We do have a hidden admin account created by jamf which I believe has a bootstrap token but for whatever reason we can't get that to work either. 

 

Using the script below it gets stuck on the license agreement (By using the agreetolicense option, you are agreeing that you have run this tool with the license only option and have read and agreed to the terms. If you do not agree, press CTRL-C and cancel this process immediately.) or provides a auth error (Script result: Error: could not get authorization...)

 

echo "<admin password>" | ‘/Applications/Install macOS Monterey.app/Contents/Resources/startosinstall’ --agreetolicense --nointeraction --forcequitapps --user <admin username> --stdinpass (used many variations of this)

 

 

gabester
Contributor III

11a

Thank you, Apple, for borking simple, device administrator issued software updates.
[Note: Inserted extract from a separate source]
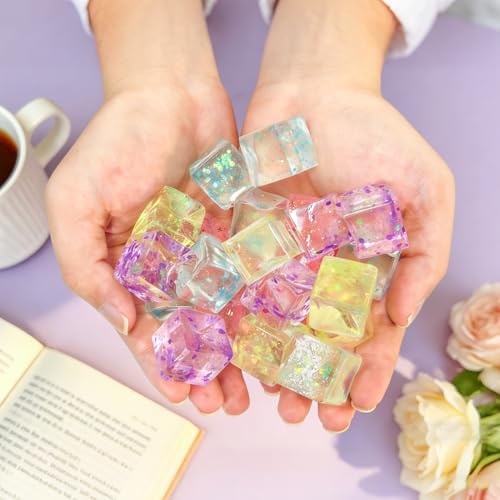 Image of 24Pcs Glitter Ice Cube Squishy,Bulk Stress Sparkle Fidget Toys, Ice Cube Squeeze Toys - Square Sensory Toys, Squeeze Toys - Small Stress Balls for Adults, Perfect Party Toy Gift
Can't wait to see what declarative-management-based solution you come up with that's much harder to implement than it was before, that only works reliably for devices enrolled as either ADE / A(BS)M or BYOD with managed AppleIDs but not for devices manually enrolled or not available for ADE. I'm sure you can figure out something that frustrates us even more! (My speculation is that the whole reason Apple removed the "just works" softwareupdate command functionality was fear of a malware in the middle attack with "corrupt" packages that facilitated jailbreaking of devices or other subversion of current security implementations. After all, an OS package can do things that are otherwise prevented by SIP!)